(THE INPUT)

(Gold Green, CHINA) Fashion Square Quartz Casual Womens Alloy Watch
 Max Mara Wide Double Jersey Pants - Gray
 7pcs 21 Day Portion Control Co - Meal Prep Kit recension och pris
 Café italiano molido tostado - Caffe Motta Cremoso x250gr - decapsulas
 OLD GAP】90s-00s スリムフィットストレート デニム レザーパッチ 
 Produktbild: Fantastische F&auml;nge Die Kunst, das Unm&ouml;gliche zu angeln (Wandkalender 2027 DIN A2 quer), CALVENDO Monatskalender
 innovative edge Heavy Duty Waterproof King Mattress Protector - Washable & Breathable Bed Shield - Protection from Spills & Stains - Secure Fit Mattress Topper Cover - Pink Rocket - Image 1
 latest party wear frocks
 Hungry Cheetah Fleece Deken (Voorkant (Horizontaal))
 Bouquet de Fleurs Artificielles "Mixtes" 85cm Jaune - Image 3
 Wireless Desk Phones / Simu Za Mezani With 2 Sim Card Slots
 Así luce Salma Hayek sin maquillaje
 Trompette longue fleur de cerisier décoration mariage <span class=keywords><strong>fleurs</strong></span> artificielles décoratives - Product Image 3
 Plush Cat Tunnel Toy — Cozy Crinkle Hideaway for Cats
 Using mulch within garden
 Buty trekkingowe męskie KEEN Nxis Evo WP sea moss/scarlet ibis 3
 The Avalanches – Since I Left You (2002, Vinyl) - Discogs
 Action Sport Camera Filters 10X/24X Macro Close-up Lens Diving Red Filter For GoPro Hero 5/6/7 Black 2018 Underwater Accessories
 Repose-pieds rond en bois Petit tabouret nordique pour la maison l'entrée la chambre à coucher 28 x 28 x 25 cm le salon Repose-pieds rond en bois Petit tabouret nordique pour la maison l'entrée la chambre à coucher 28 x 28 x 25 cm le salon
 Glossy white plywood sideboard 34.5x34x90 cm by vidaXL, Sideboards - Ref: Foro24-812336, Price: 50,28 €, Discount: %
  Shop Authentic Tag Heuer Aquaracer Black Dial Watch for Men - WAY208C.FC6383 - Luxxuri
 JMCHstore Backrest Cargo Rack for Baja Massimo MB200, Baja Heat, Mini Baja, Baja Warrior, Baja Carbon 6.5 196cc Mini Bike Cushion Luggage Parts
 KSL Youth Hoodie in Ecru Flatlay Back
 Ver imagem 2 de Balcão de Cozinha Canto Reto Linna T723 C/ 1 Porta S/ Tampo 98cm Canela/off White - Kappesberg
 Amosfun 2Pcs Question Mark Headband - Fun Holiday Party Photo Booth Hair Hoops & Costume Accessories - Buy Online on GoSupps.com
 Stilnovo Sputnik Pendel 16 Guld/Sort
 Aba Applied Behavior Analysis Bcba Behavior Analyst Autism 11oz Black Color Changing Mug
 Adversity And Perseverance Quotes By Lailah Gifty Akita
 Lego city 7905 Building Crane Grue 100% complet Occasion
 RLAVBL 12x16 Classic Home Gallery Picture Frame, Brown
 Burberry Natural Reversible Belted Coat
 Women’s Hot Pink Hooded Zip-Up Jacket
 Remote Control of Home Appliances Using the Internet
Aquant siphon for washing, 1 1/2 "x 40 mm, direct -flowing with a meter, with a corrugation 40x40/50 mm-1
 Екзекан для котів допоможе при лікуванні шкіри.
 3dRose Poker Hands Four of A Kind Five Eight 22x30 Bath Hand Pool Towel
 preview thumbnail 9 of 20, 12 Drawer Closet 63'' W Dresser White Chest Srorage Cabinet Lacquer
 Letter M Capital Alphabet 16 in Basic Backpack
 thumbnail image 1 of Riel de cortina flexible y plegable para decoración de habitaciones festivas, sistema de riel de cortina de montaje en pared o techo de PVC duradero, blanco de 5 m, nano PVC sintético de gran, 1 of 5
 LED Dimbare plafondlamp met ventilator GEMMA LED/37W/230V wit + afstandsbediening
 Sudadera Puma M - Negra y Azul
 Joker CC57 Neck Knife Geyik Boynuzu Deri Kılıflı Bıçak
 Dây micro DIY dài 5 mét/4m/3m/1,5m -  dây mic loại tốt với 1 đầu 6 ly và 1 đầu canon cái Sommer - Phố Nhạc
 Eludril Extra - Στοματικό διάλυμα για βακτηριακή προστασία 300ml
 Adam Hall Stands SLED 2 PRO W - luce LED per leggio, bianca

(End THE INPUT)

§ ASSIGNED TASK
Take the records above and return, word for word, only the lines that fall from the line with "Ver imagem 2" to the line with "Aba Applied Behavior", both of them included.

§ WORKED SOLUTION
 Ver imagem 2 de Balcão de Cozinha Canto Reto Linna T723 C/ 1 Porta S/ Tampo 98cm Canela/off White - Kappesberg
 Amosfun 2Pcs Question Mark Headband - Fun Holiday Party Photo Booth Hair Hoops & Costume Accessories - Buy Online on GoSupps.com
 Stilnovo Sputnik Pendel 16 Guld/Sort
 Aba Applied Behavior Analysis Bcba Behavior Analyst Autism 11oz Black Color Changing Mug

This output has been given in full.